We are not powerless to the nasty underpinnings of motivation. We can search a little deeper, probing personal behaviors and protective thoughts for effectiveness, and determining alternate actions to take in the future. The monster under our bed of consciousness loses power once recognized.
Many causes of discomfort are unpredictable and uncontrollable. They just happen. We routinely encounter unpleasant events, generating feelings of grief, sorrow, and fear. When we experience loss, unfairness, and injury, the events trigger discomforting emotions. Whether from our stupidity, the stupidity of others or just bad luck, we occasionally suffer. Many times, in our imperfection, hurt is a direct consequence to something we did; we choose badly and pay a price. The discomfort serves as a warning to make changes. Unfortunately, complexity complicates which events are uncontrollable and which ones are logical consequences to poor choices. As we mature, self-reflection helps limit the obstructions, allowing for a less distorted view of reality.

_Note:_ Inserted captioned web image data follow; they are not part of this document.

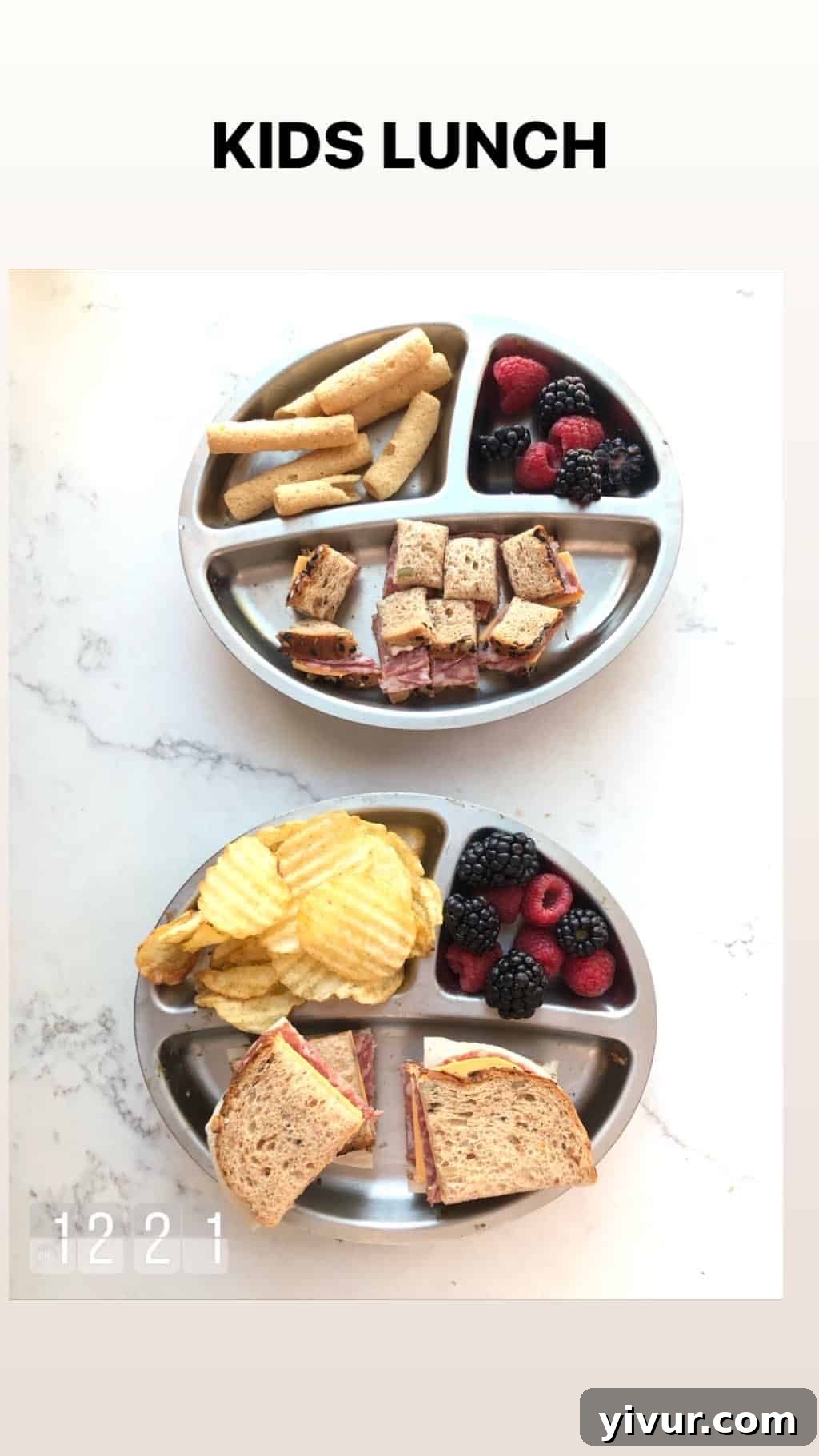 Quick and healthy snack: Greek yogurt with a drizzle of honey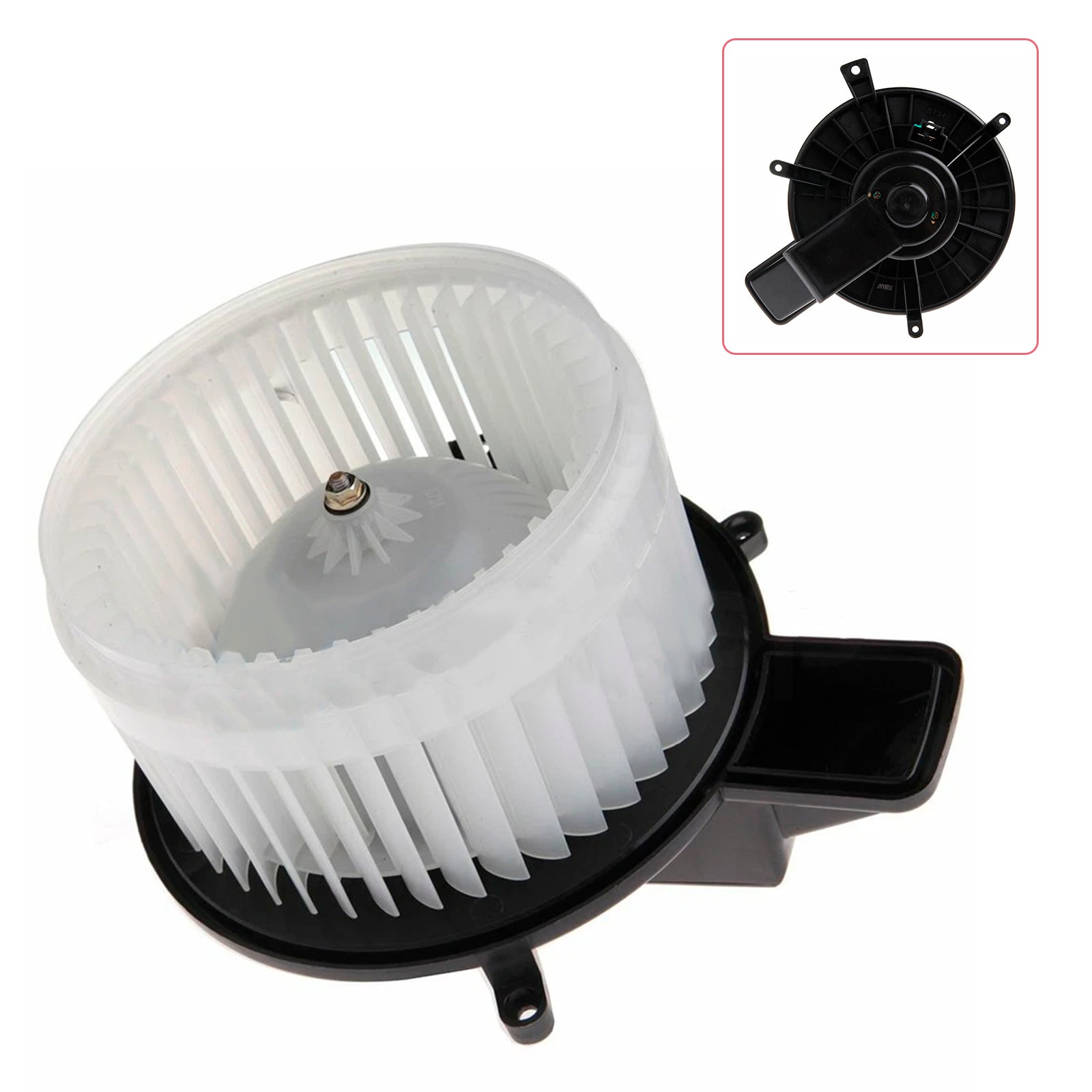 HVAC Viftemotor Vifte foran 700216 For Jeep Grand Cherokee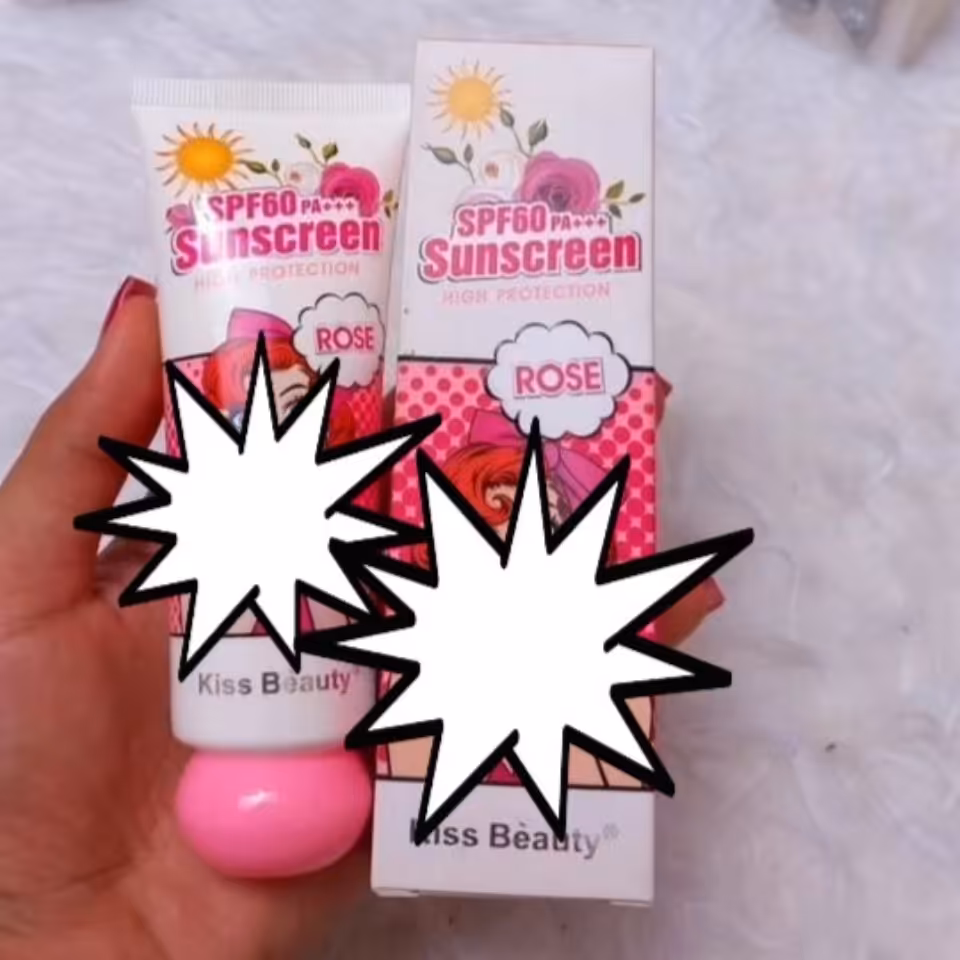 کرم ضد آفتاب بی رنگ حجم 75 میل spf 60  کیفیت عالی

"Whether from our stupidity, the stupidity of others or just bad luck, we occasionally suffer."
Life is transitory. Every beginning also has an end. Each new seeding eventually returns to the earth. Each life, relationship, possession, and structure begin and end. We experience comfort from boring sameness—no surprises. We grieve the loss of treasured relationships, possessions, or experiences. The sorrow is real and appropriate. The changes awaken the mind, inciting the firing of neurons, to make unplanned adjustments. Our lazy mind groans and thoughts intervene.
As part of our imperfect nature, we make mistakes. We create unneeded anguish with poor judgment and intentional action. The consequences may harm others and ourselves. The subsequent emotions trigger guilt. Paul, in the Christian Bible, described the emotion as “godly sorrow” which works within us to bring about repentance or change. We can feel sorrow over action. Sorrow isn’t a negative emotion; it’s a discomforting one. Error reminds us of our imperfect humanness that needs regulating to prevent behaviors that interfere with obtaining intentions.
Complexity obscures exact evaluations separating unpredictable events from those events we have a measure of personal control. We do our best to evaluate, learn and then change; but the connection between behavior and consequence often remains unclear. The lack of clarity creates space to err with the interpretations. Cultural and personal narratives intrude, dragging in faulty axioms, distorting reality to fit self-serving explanations. Unrealistic expectations transform ordinary experiences into tragedies. Long held beliefs—self or culturally created—reconfigure reality to smoothly fit confining and rigid rules. From the murkiness of complexity, sprouts blaming, confusion and eventually morph into helplessness and depression. There’s no definitive step by step guide for clearing the endless rubble that makes life so perplexing. But thoughtful reflection, however, does create some order from the chaos.
Reflection gather missed information and heightens the chance of helpful assessments and effective corrections. We dreadfully must endure misfortune; but with growth, we may learn corrective behaviors to avoid the same misfortunes. Without mindful attention, we are prone to thoughtlessly employ protective thoughts that displace sorrow, pain and guilt. While these mechanisms provide relief, they fail to address underlying demons vexing our lives. The undiscovered spooks remain, continuing to haunt our futures.
Life’s troubles and the associated emotions will regularly intrude on the comfort of well-being. While unpleasant, they provide opportunities for deeper examination that exposes missed associations between our actions and the distasteful consequences. Instead of defensively ignoring the demons, pulling the self-deceptive covers over our heads, we can illuminate the darkness and discover the imperfections of our own humanness. By opening our minds, we have opportunity to gain wisdom, improve behavior and avoid overwhelm. We may still say, “ouch,” but the inflicted pain has a grander purpose.